According to filings from Hawaiian Electric submitted to the Public Utilities Commission and publicly available on the PUC docket website, their analysis shows that this project will cost Hawaii ratepayers at least $13 per month more than alternatives. That’s right — more than $150 a year for every electric-bill-paying resident of the island that we would all have to pay if this project is approved under a, get this, 30-year power purchase contract.
And enough already with Honua Ola’s relentless PR efforts spamming people’s inboxes with weekly fearmongering as they try to slam the reliability of other more green and affordable energy resources. Why do they have to try so hard?
With the availability of significantly lower cost geothermal, ample solar and wind, battery storage technology that is cheaper and better every day, and other new technologies on the horizon, there is no need to force these exorbitant costs on Hawaii Island residents.
The billionaire investors in California and Delaware shell companies that are behind this project are counting on Hawaii being a backwater filled with uninformed locals who they can take advantage of. Let’s show them they’re wrong.
Praise for Gallagher
I wish to share my appreciation of the article by the vice principal of Pahoa High and Intermediate School, Brandon Gallagher (Tribune-Herald, Their Views, Feb. 2).

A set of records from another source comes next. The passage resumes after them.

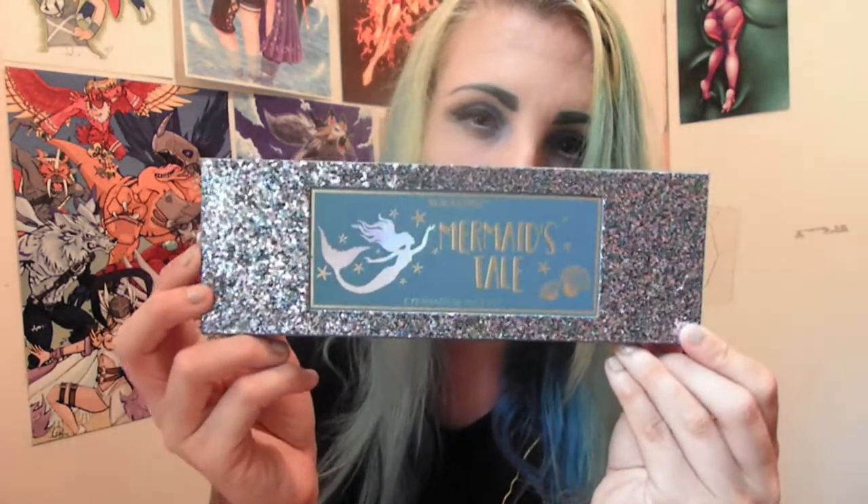I had to go to Hot Topic and pick this up. I could not pass this down — a palette that's solely based on mermaid colors and whatnot, it had to be done. And of course I am wearing two colors from this palette, so let's get started. Can we just point out how gorgeous the cover of this palette is?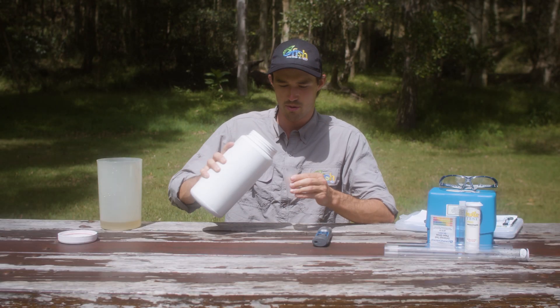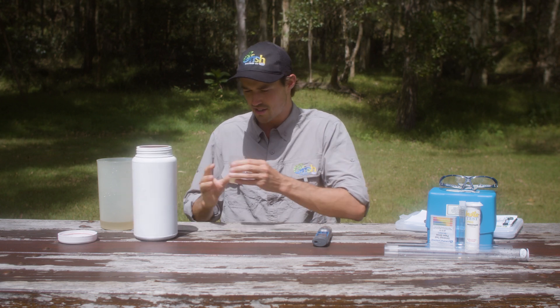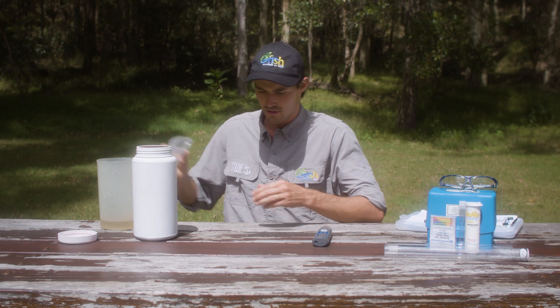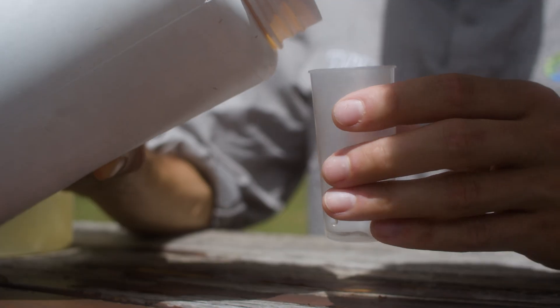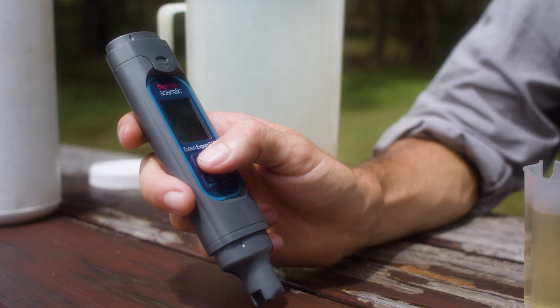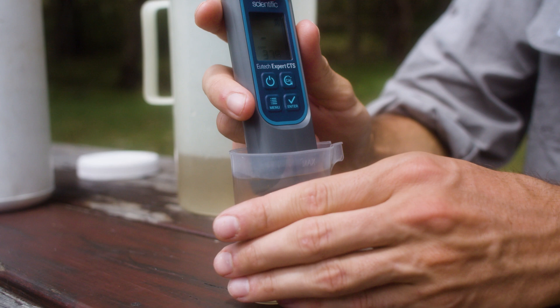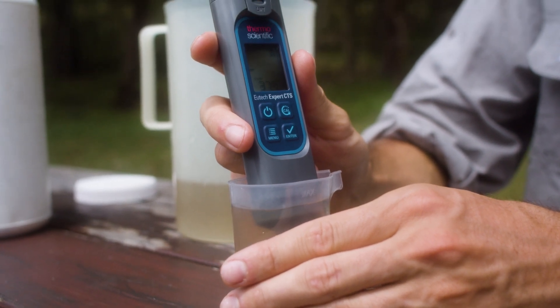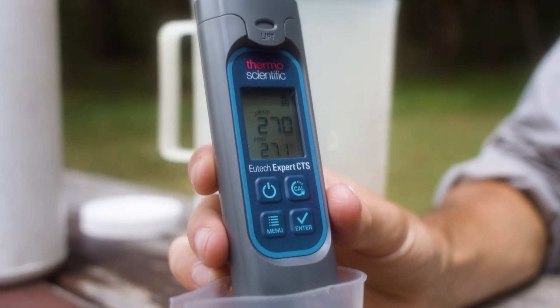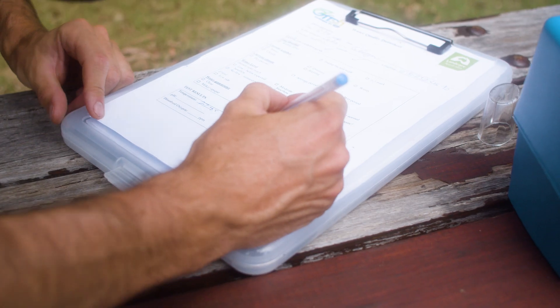To do the test, first grab the plastic beaker and fill it with the sample water. Rinse it a couple of times to remove any contaminants and equalise the temperature, about three times. Once done, take the digital probe, turn it on, take the cap off and insert it so it's about three centimetres deep into the beaker. Now look at the display and wait for the tick to appear — that tells us the reading has stabilised and we can take our measurements.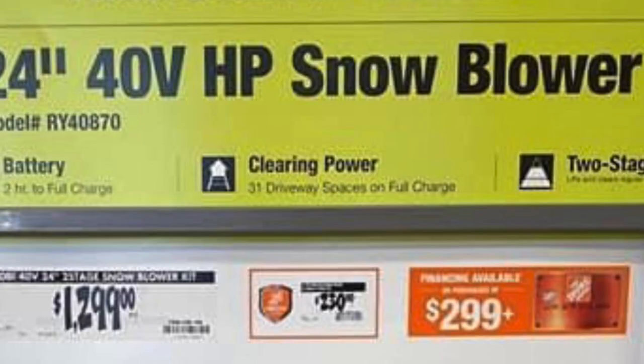On their little flyer here you can see it says it can clear 31 driveway spaces on a full charge. 31 driveway spaces basically means 31 spots you can park a car. Think about that — if those were even 8 by 20 spaces and you got 31 of those, that's a lot of driveway that it's going to be able to clear out, and even if it can't quite hit that, our driveway and parking area out here isn't that big.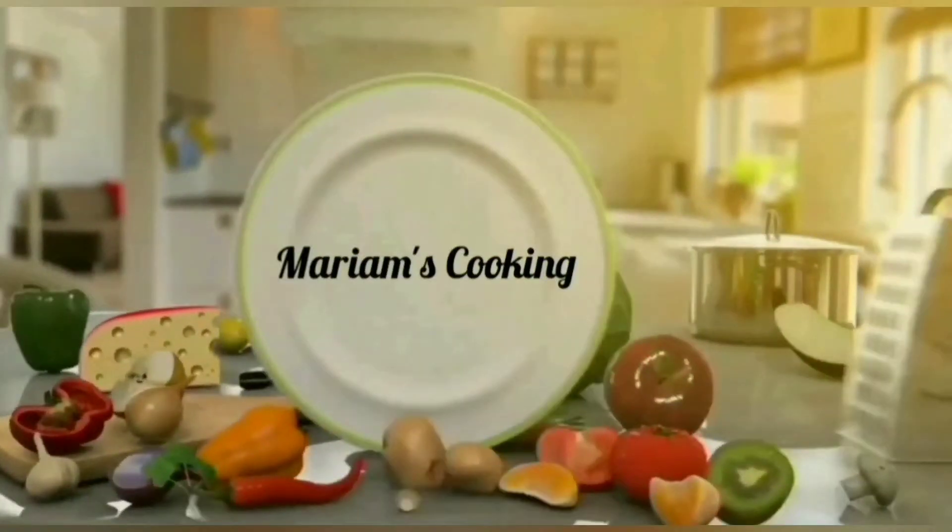Asalaam Alaikum. I am Mariya Maliya and you are looking at Mariya Ams Cooking. Welcome back to my channel. Today I am going to share a recipe with you. It is very simple and very easy.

It is well-written and offers an on-site description of the recent affray at PHIS. He has a good understanding of the students with which he works and of the dynamics of his community.
As a long-term teacher of secondary students with disabilities, I have witnessed time and again the bullying and anger and frustration that can occur in a school. Although the populations have different issues, any group judged as different and/or weaker can be belittled and made feel less.

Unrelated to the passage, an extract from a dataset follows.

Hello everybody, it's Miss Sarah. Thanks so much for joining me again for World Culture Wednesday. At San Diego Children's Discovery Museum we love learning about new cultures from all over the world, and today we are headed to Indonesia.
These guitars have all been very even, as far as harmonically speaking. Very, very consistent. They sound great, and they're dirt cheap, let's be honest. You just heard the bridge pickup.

Although the situation is complex and difficult, the staff and students at PHIS are fortunate to have Mr. Gallagher as an administrator, and I suspect his caring is reflected by them all.
Rochelle delaCruz’s Jan. 31 opinion piece on the overuse and fad-like nature of modern tattoos likely resonates with many people, especially in an older demographic, but implying a Polynesian preeminence for the art form does a disservice to ethnolinguistic groups that have longstanding tattooing traditions that evolved independently and far from the Pacific islands.